**HOW TO COMPLETE THIS TASK:** Return the line containing "Reporting from the" together with every later line up to the end of the records, exactly and with no pictures; return nothing else.

++++ DATA TO EXAMINE ++++

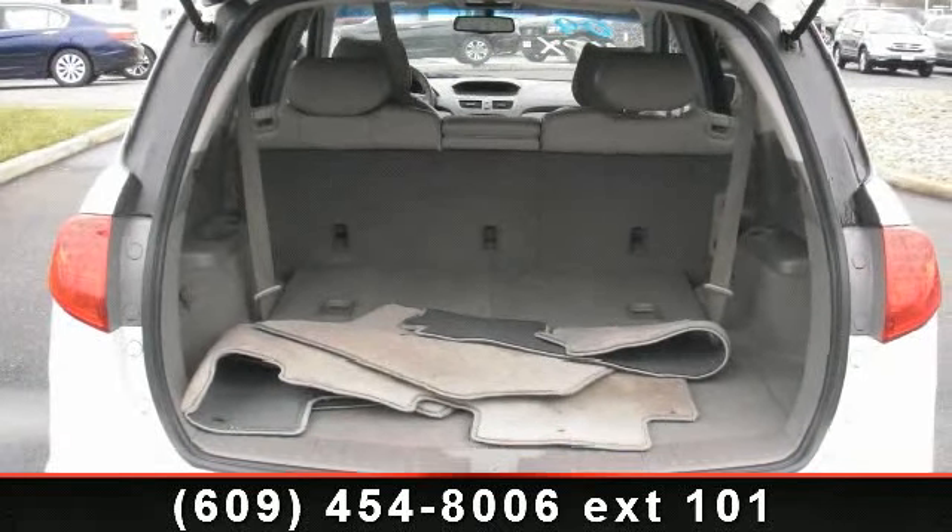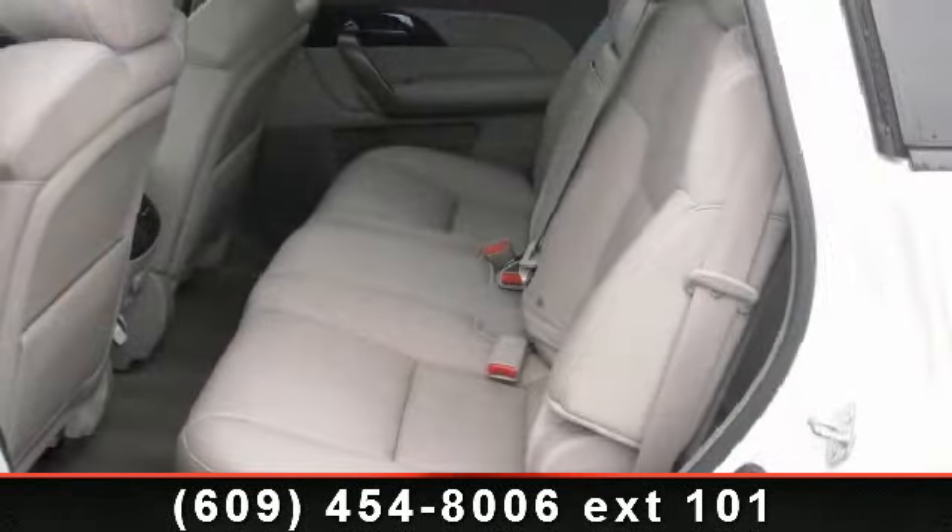Let us put you in the driver's seat today. Call or click to schedule a test drive.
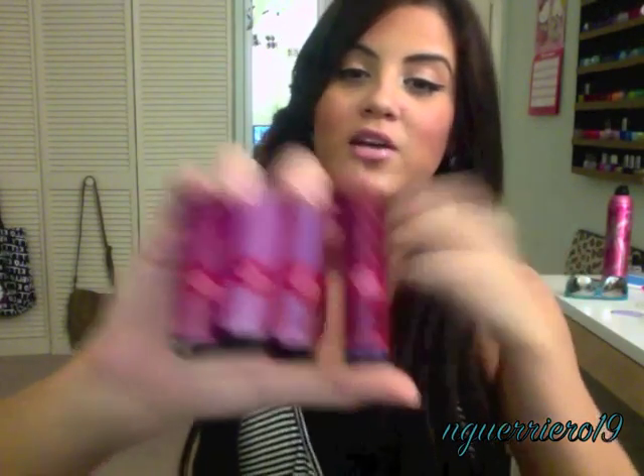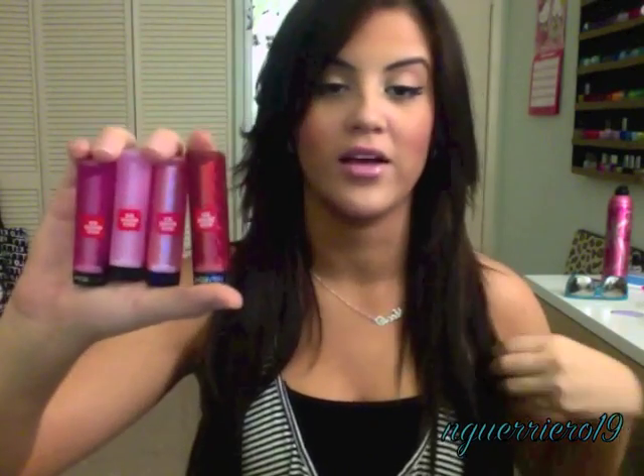This video is obviously, by the title, going to be about the Revlon lip butters. There's been a lot of pandemonium on YouTube about these things because I know that a lot of people couldn't find them for a while, but they are going to be a permanent part of the Revlon collection. So if you don't have your hands on them yet, don't worry — they will be in your store soon.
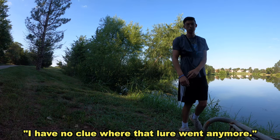I have no clue where that lure went anymore. That was fun while it lasted — it sucks though, I went all the way up in that tree. I guess we're gonna have to tie on another bait. I was hoping I could keep that lure. Pretty sweet top water, especially if you're in a creek where there's a lot of rats. But yeah, let's figure out what we're gonna throw next.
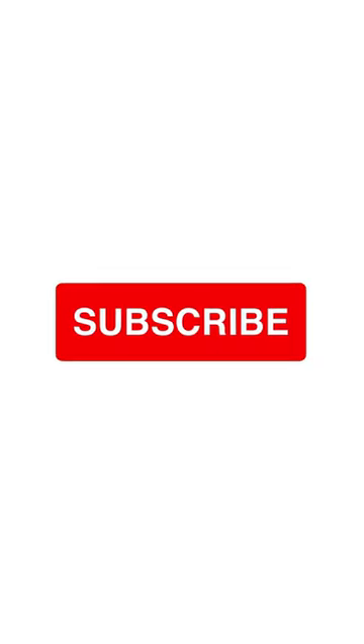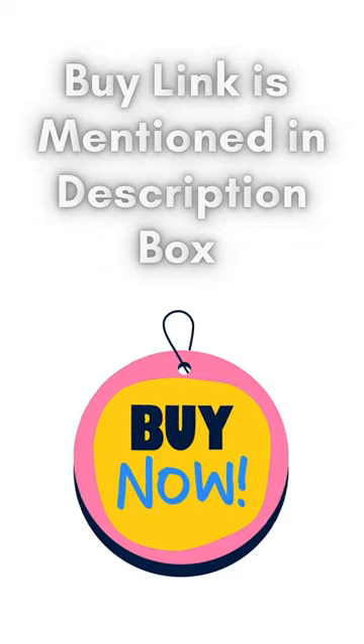Don't forget to subscribe to our channel. Please like, comment, and share our video. The buy link is mentioned in the description box. Bye now, thank you.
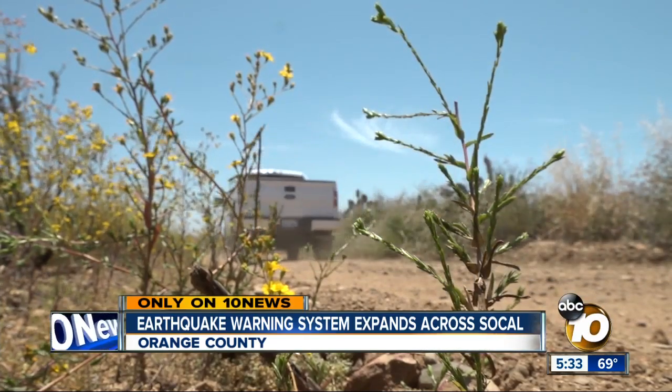Reporting from the field, Amanda Brandeis, 10 News. The engineers say it will likely be a few more years until all of Southern California will get ShakeAlert warnings on their cell phones. It's being tested in small groups, but they want to make sure that the technology is reliable before making it available to everyone.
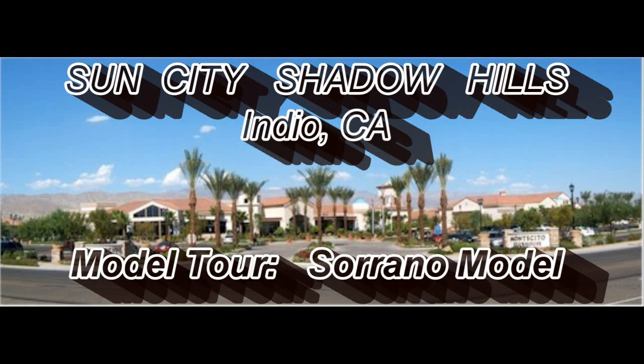Welcome to Sun City Shadow Hills, an active adult Del Webb community located in Indio, California. Today we will be touring the model called the Serrano.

++++

**ANSWER BELOW:**
Reporting from the field, Amanda Brandeis, 10 News. The engineers say it will likely be a few more years until all of Southern California will get ShakeAlert warnings on their cell phones. It's being tested in small groups, but they want to make sure that the technology is reliable before making it available to everyone.
Welcome to Sun City Shadow Hills, an active adult Del Webb community located in Indio, California. Today we will be touring the model called the Serrano.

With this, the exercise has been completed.